[[ Data shown open ]]

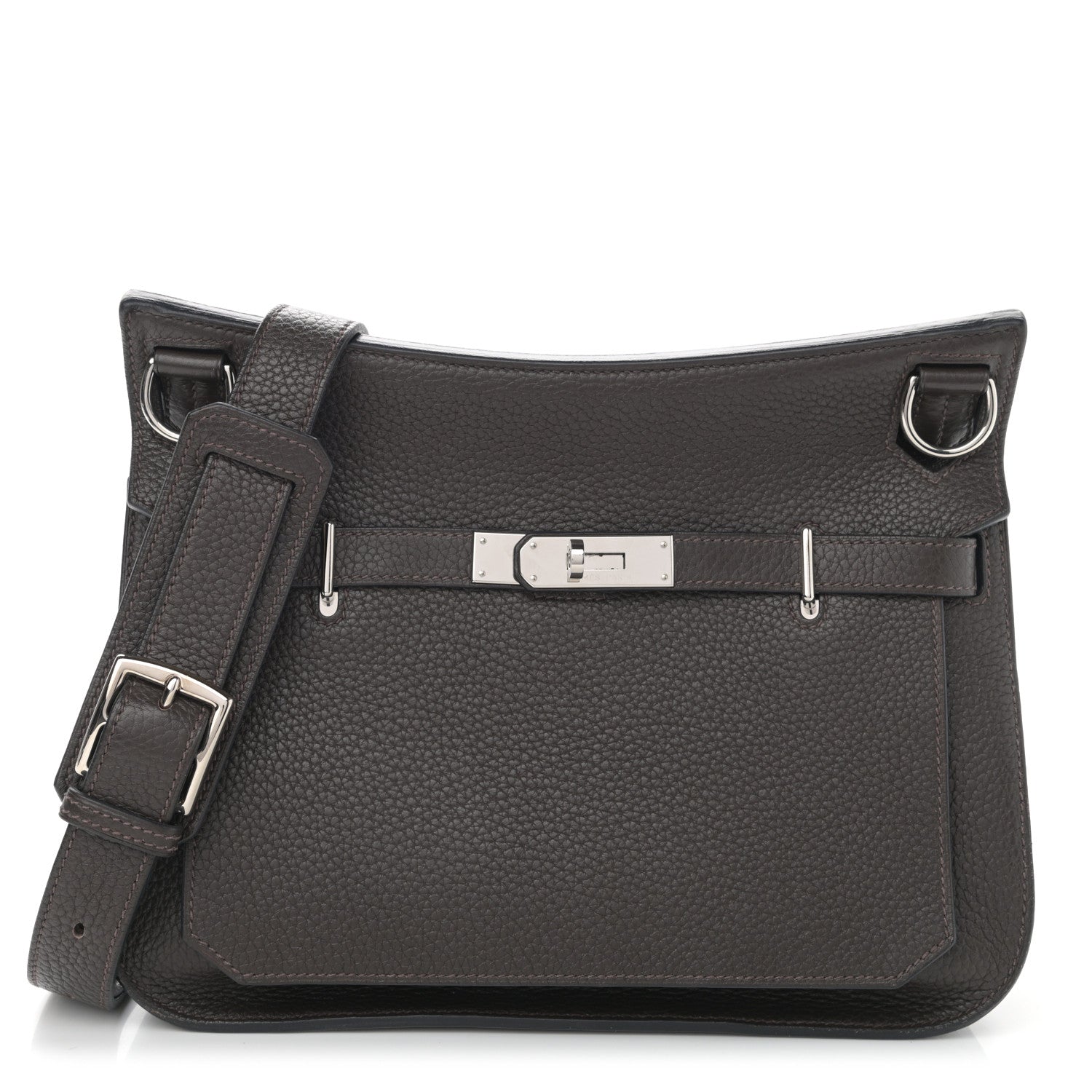 Hermes Taurillon Clemence Jypsiere 28 Chocolate 1 of 11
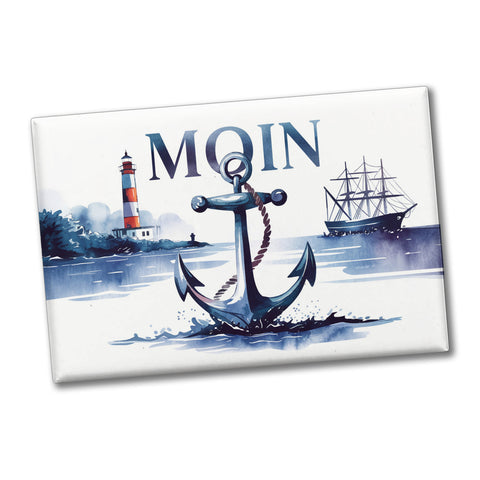 Anker MOIN Souvenir Souvenir Magnet mit Nordsee Aquarell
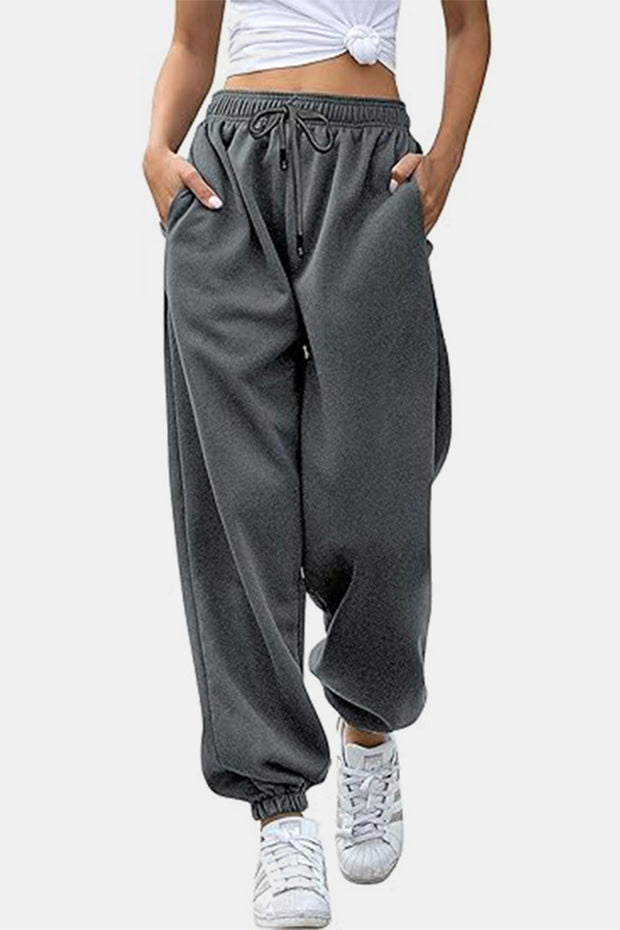 Elastic Waist Joggers with Pockets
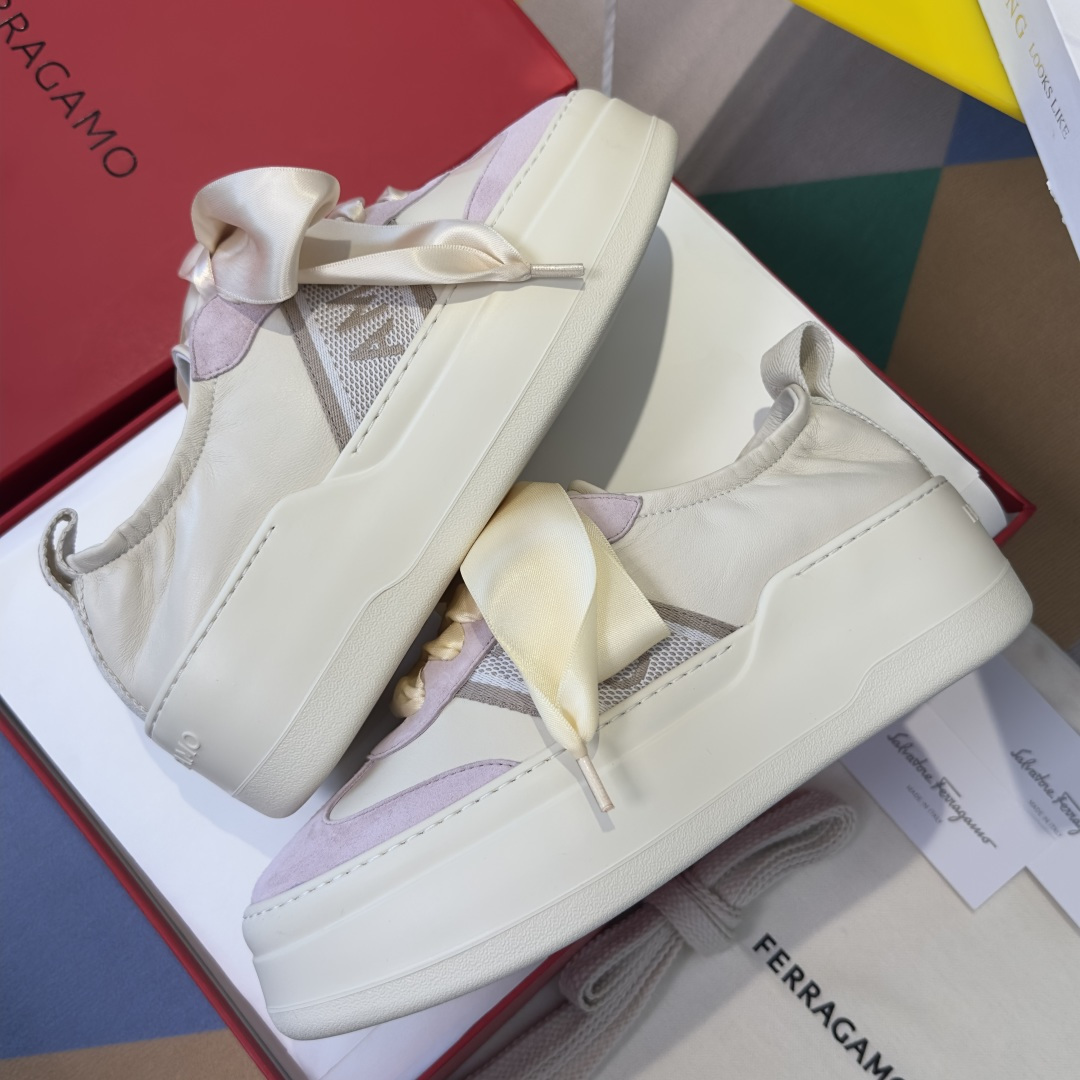 Ferragamo Ferragamo菲拉格慕 最新Vara系列 丝带蝴蝶结 芭蕾舞 厚底 休闲 运动鞋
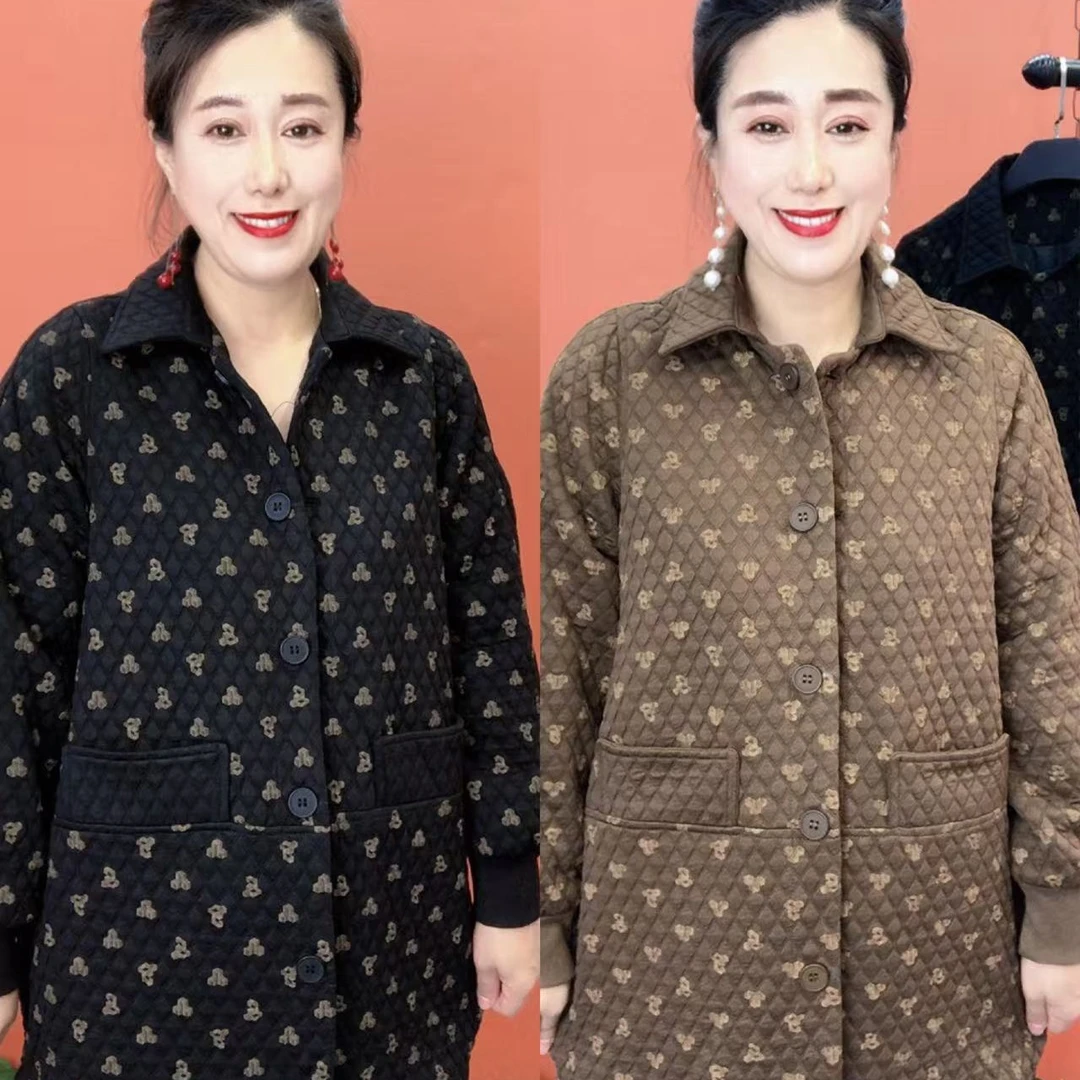 夫能710中年妈妈中长款休闲印花加厚春秋季风衣加肥加大码外套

[[ Data shown closed ]]

What you are asked to do ▸ An exact copy of the entries, minus the pictures, is what to return.

Task output ▸
 Hermes Taurillon Clemence Jypsiere 28 Chocolate 1 of 11
 Anker MOIN Souvenir Souvenir Magnet mit Nordsee Aquarell
 Elastic Waist Joggers with Pockets
 Ferragamo Ferragamo菲拉格慕 最新Vara系列 丝带蝴蝶结 芭蕾舞 厚底 休闲 运动鞋
 夫能710中年妈妈中长款休闲印花加厚春秋季风衣加肥加大码外套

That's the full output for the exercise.